Tom was tempted to soften this apparently pointless and unjustifiable interrogation with a crumb of explanation, or at least apology; but the boy was too bright by far. To try to disarm him with something like: ‘I’m sorry if this makes no sense to you, but if it makes no sense you’ve got nothing to worry about!’ – no, it wouldn’t do, he’d begin tying up the ends before the words were well out. No use saying pompously: ‘I have my reasons for asking.’ He knew that already, he was only in the dark at present as to what they could be, and at the first clue he’d be off on the trail. The fewer words the better. The more abrupt the better. They took some surprising, these days, but at least he could try.
‘Did you take your Vespa out earlier on Thursday afternoon? A trial run, maybe, if you’d been working on her? Say – round through Abbot’s Bale to the track at the back of the Hallowmount?’
If Miles didn’t know what it was all about now, at least he knew the appropriate role for himself. He had drawn down over his countenance the polite, wooden, patient face of the senior schoolboy. It fitted rather tightly these days, but he could still wear it. Ours not to reason why; they’re all mad, anyhow. Ours but to come up with: ‘Yes, sir!’ or: ‘No, sir!’ as required. The mask had an additional merit, or from Tom’s point of view an additional menace; from within its bland and innocent eye-holes you could watch very narrowly indeed without yourself giving anything away.

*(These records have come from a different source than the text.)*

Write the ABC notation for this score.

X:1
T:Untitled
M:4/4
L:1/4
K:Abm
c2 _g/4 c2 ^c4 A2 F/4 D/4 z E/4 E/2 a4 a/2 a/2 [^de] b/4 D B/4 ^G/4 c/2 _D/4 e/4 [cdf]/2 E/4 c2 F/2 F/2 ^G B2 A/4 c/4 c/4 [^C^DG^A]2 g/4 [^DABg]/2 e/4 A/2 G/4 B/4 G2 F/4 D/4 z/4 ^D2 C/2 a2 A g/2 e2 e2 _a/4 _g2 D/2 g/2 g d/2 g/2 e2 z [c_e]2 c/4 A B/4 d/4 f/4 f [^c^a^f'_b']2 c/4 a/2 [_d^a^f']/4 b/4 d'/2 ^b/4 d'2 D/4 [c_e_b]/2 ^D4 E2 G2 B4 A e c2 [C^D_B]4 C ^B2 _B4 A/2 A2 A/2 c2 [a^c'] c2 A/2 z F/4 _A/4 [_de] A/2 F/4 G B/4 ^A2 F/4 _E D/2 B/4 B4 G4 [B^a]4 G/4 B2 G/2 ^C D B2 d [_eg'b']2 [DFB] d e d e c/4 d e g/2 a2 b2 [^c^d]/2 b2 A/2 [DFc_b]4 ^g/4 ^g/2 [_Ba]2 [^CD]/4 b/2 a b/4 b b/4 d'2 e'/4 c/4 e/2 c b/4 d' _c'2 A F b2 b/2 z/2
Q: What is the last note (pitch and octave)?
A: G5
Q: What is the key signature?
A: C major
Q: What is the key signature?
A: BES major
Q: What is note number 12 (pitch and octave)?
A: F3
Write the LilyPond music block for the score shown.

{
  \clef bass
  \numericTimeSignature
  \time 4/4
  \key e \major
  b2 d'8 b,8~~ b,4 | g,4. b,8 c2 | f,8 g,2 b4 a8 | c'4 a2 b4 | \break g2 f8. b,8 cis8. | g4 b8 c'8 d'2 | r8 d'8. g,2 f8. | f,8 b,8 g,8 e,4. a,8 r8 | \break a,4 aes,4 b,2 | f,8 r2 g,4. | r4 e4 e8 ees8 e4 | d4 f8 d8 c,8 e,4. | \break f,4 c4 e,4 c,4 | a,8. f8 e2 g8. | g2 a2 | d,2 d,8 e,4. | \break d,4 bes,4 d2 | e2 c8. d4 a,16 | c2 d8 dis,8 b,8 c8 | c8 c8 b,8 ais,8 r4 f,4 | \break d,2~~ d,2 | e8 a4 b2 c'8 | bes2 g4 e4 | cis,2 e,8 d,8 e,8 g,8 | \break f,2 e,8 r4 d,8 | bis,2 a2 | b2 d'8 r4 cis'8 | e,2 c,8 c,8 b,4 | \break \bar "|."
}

‘No, sir, I didn’t. I had her all ready the night before, there was no need to try her out.’
‘And you weren’t round there yesterday, either? Before you got home?’
‘No, sir.’
He waited, quite still but not now quite easy; he was too intelligent for that. And something subtle had happened to the mask; the young man – not even the young man-of-the-world – was looking through it very intently indeed. Tom got up from his chair and turned a shoulder on him, to be rid of the probing glance, but it followed him thoughtfully to the window.
‘I take it sir, I’m not allowed to ask why? Why I might have been there?’ The voice had changed, too, frankly abandoning the schoolboy monotone, and far too intent now to be bothered with the experimental graces of sophistication that were its natural sequel.
‘Let’s say, not encouraged. But if you’ve told me the truth, then in any case it doesn’t matter, does it? All right, thanks, Mallindine, that’s all.’
He kept his head turned away from the boy, watching the dubious sunlight of noon scintillating from the thread of river below the bridge. He waited for the door to open and close again. Miles had turned to move away, but nothing further happened.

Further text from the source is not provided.